§ WHAT TO WORK ON
The required output is an exact copy of the lines from the one containing "Steve Madden Heels Size 8.5 ! 20$ Cash Only" through the end of the entries below, with pictures removed.

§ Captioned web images
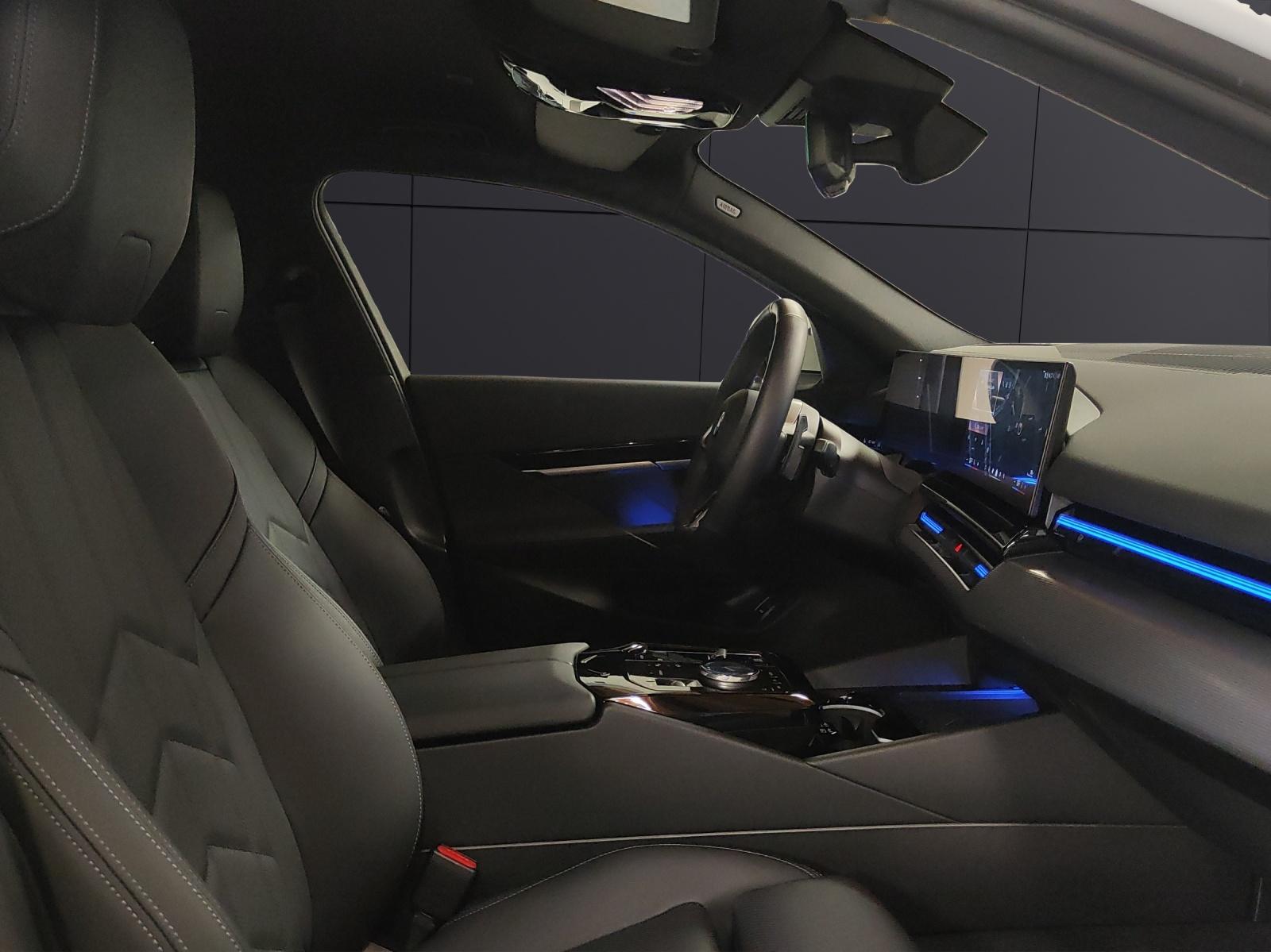 BMW 520d xDrive-image-15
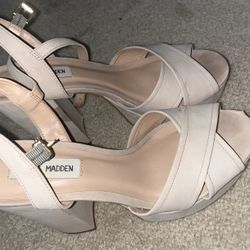 Steve Madden Heels Size 8.5 ! 20$ Cash Only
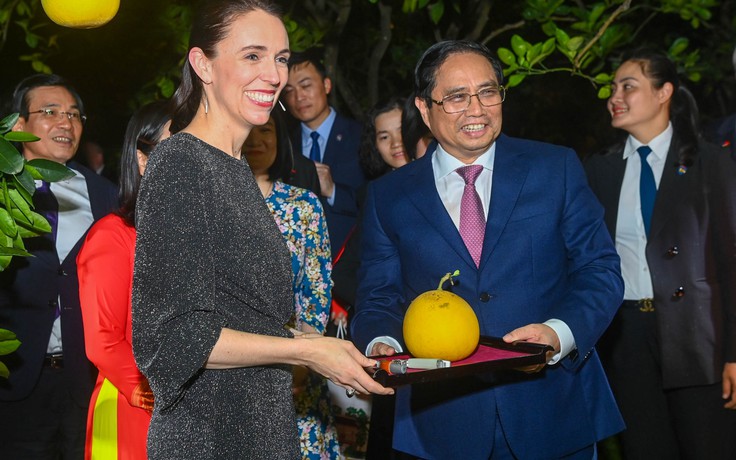 Thủ tướng New Zealand Jacinda Ardern thăm nhà sàn, thưởng thức bưởi Diễn trong vườn quả Bác Hồ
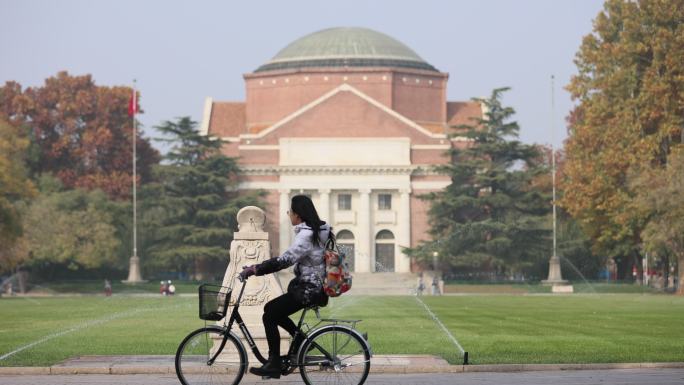 清华园大礼堂草坪 学子骑自行车路过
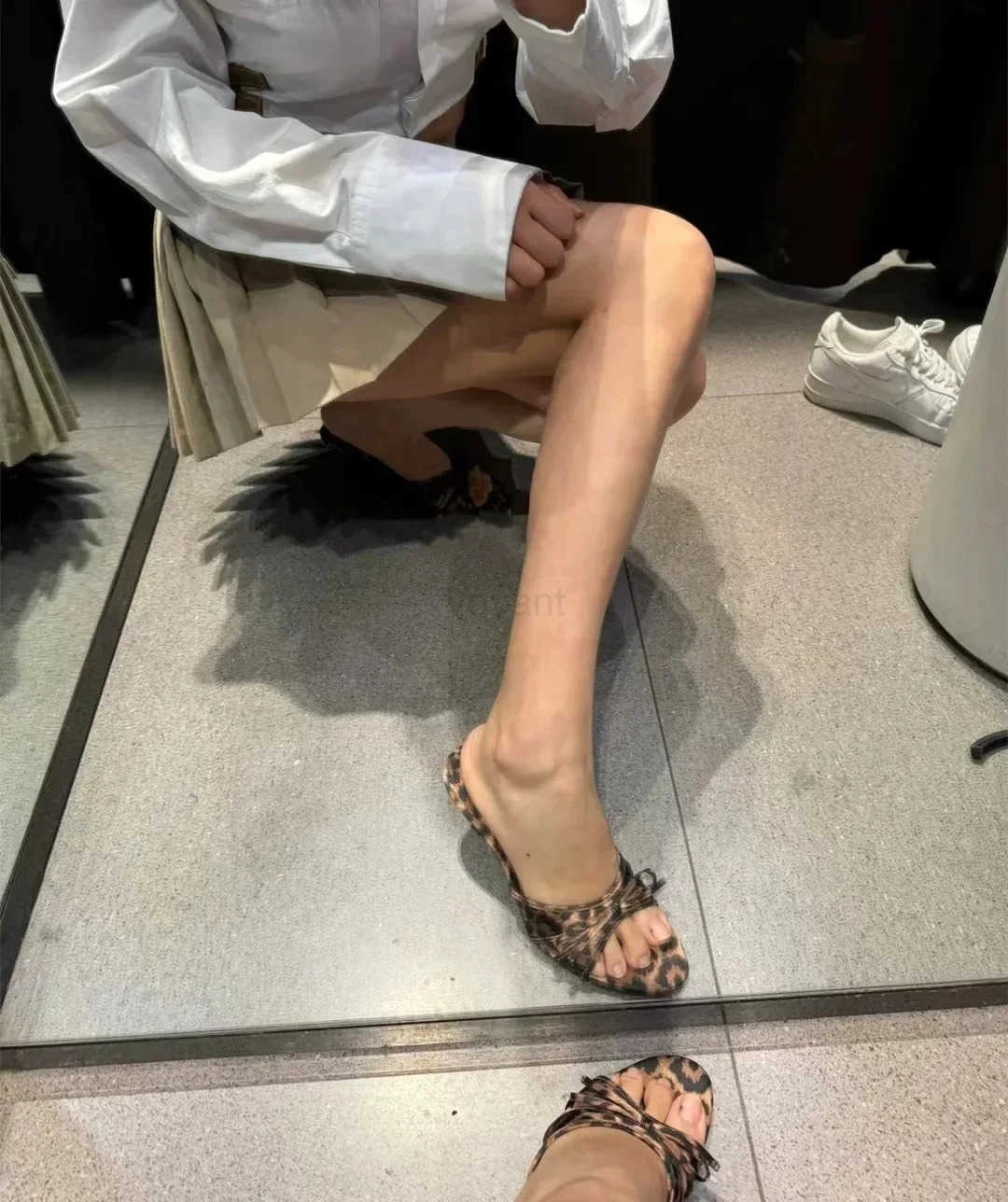 Slippers for wen wearing exquisite summer haute couture with fine straps French style black heel clip toe beach sandals Z250304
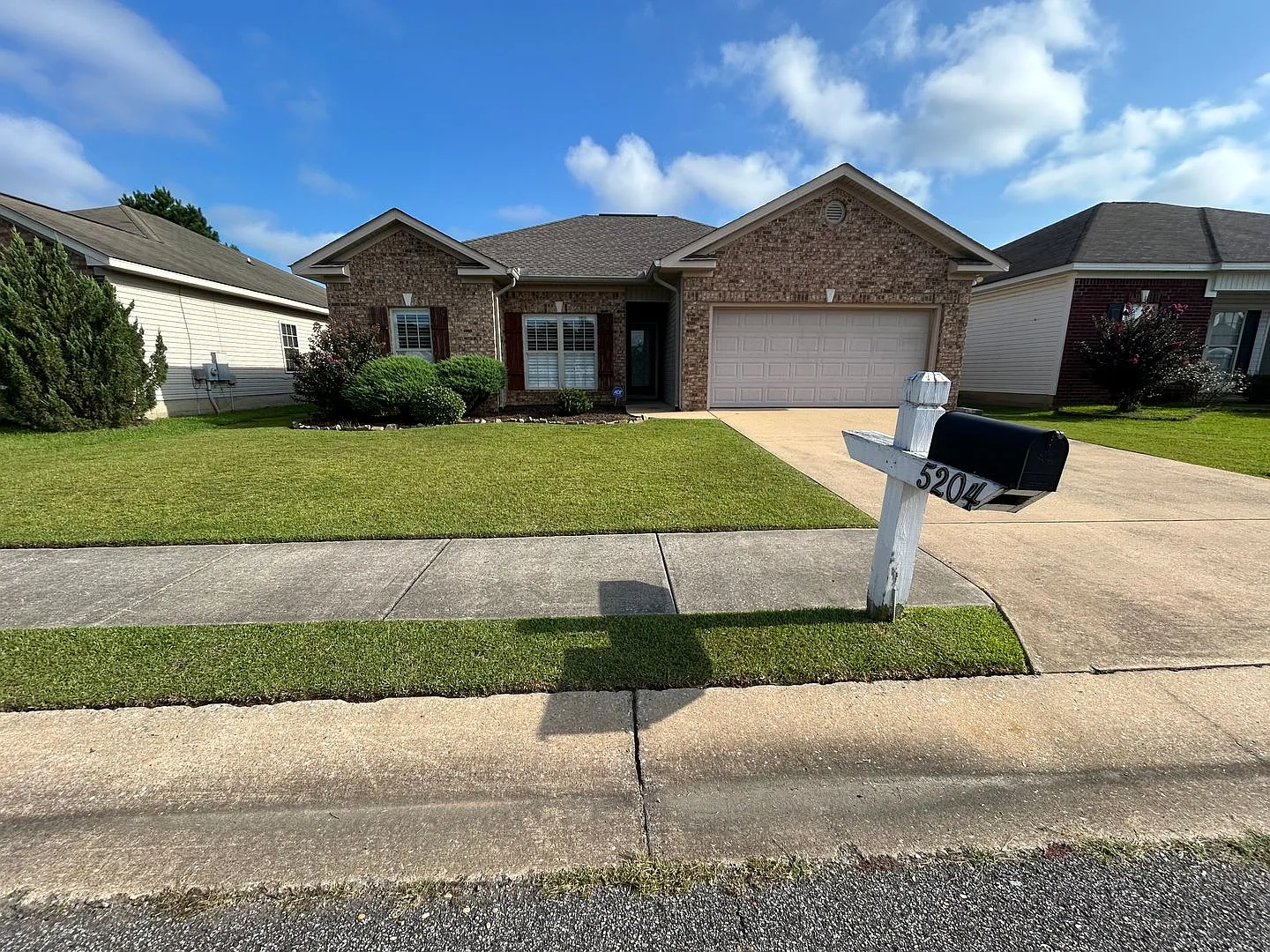 5204 Easton Ln — Photo 2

§ TASK OUTPUT
 Steve Madden Heels Size 8.5 ! 20$ Cash Only
 Thủ tướng New Zealand Jacinda Ardern thăm nhà sàn, thưởng thức bưởi Diễn trong vườn quả Bác Hồ
 清华园大礼堂草坪 学子骑自行车路过
 Slippers for wen wearing exquisite summer haute couture with fine straps French style black heel clip toe beach sandals Z250304
 5204 Easton Ln — Photo 2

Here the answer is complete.